▶ [TASK INPUTS]:
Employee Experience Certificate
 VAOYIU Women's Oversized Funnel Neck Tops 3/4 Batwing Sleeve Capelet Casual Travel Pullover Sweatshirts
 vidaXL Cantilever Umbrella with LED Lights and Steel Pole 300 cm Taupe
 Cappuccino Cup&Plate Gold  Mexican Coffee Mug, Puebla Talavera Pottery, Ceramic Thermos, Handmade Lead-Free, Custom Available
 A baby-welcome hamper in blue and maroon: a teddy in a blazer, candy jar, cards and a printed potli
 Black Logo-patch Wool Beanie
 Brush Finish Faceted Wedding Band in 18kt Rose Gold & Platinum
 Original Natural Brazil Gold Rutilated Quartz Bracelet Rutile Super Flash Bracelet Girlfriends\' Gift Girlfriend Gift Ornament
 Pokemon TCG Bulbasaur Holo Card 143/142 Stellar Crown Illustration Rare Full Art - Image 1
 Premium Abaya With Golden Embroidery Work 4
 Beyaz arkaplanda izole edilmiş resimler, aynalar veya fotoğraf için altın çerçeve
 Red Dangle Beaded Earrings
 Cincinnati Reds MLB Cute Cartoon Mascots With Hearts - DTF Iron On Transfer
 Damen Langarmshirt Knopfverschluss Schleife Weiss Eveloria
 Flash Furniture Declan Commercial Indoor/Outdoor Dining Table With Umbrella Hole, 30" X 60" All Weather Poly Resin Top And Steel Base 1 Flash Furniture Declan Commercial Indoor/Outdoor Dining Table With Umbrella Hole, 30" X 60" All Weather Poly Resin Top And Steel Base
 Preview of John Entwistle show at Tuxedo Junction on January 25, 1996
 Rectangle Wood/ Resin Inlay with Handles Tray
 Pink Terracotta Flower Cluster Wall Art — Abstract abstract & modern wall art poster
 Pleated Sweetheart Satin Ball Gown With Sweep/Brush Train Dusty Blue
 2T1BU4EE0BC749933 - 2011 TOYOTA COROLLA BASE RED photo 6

▶ [PROMPT]: The line with "Preview of John" marks where to start. Transcribe from there through the final line of the records, exactly and with nothing added.

▶ [SOLUTION FOR THIS TASK]:
 Preview of John Entwistle show at Tuxedo Junction on January 25, 1996
 Rectangle Wood/ Resin Inlay with Handles Tray
 Pink Terracotta Flower Cluster Wall Art — Abstract abstract & modern wall art poster
 Pleated Sweetheart Satin Ball Gown With Sweep/Brush Train Dusty Blue
 2T1BU4EE0BC749933 - 2011 TOYOTA COROLLA BASE RED photo 6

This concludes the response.